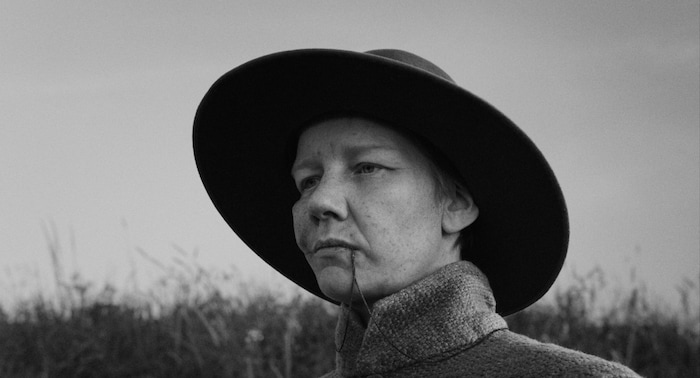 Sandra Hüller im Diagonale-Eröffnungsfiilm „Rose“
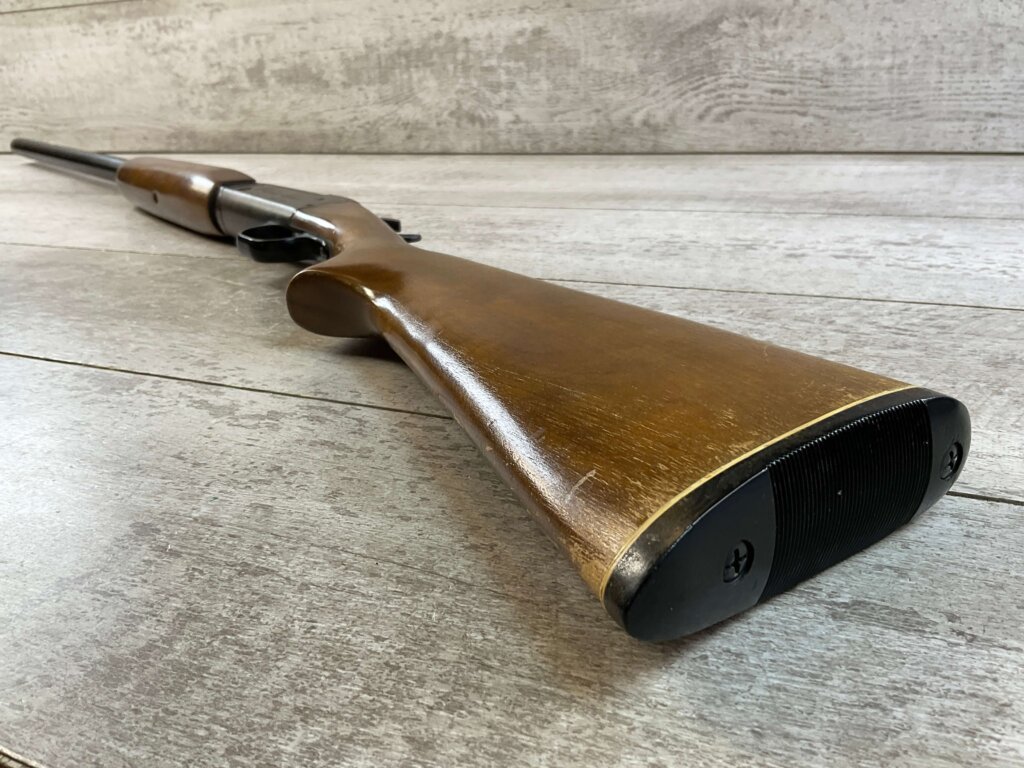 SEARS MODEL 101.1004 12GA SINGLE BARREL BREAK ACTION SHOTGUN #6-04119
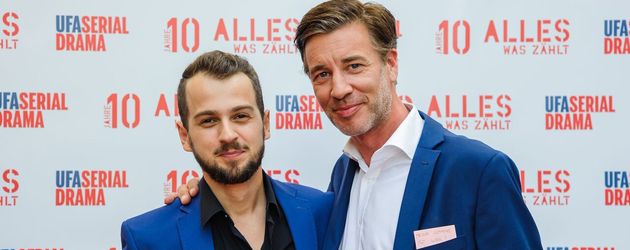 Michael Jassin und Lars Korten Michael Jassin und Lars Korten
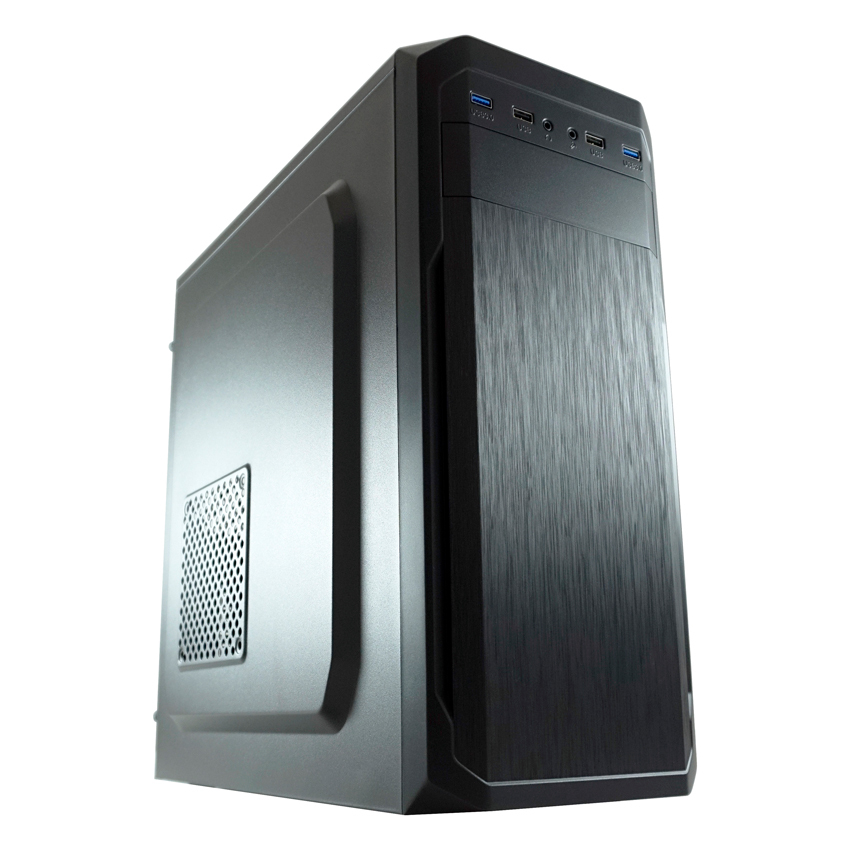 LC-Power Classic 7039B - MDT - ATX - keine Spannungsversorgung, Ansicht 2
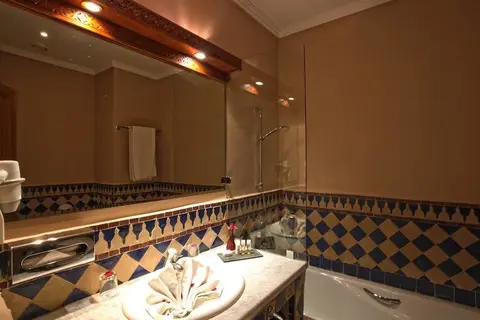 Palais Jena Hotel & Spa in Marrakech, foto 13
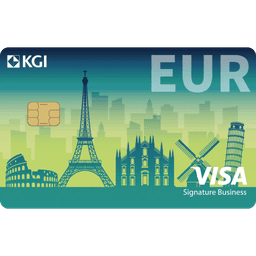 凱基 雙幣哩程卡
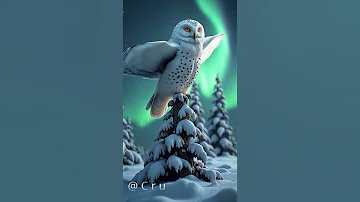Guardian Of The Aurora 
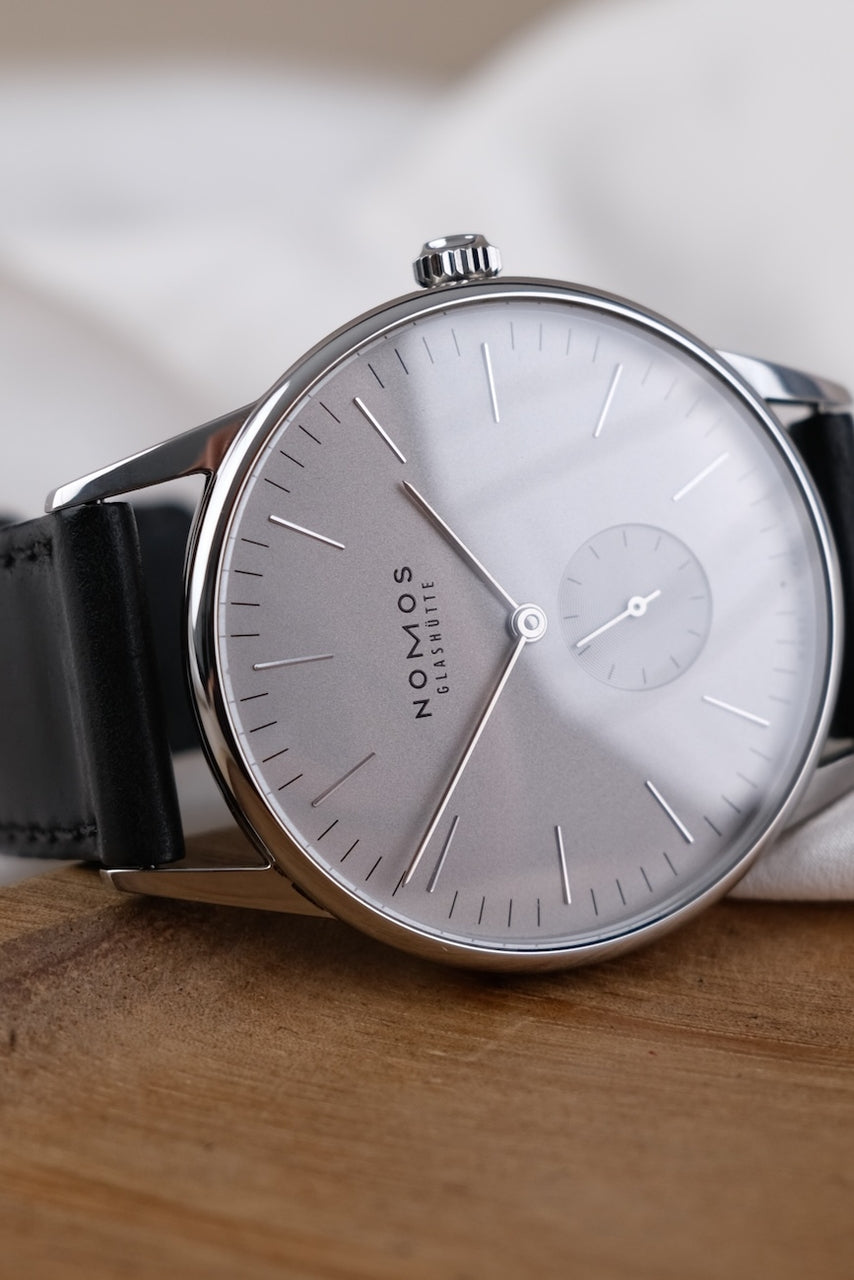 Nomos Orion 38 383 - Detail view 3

===

PROMPT: Could the data be reproduced exactly, with the pictures omitted?

SOLUTION FOR THIS PROBLEM:
 Sandra Hüller im Diagonale-Eröffnungsfiilm „Rose“
 SEARS MODEL 101.1004 12GA SINGLE BARREL BREAK ACTION SHOTGUN #6-04119
 Michael Jassin und Lars Korten Michael Jassin und Lars Korten
 LC-Power Classic 7039B - MDT - ATX - keine Spannungsversorgung, Ansicht 2
 Palais Jena Hotel & Spa in Marrakech, foto 13
 凱基 雙幣哩程卡
Guardian Of The Aurora 
 Nomos Orion 38 383 - Detail view 3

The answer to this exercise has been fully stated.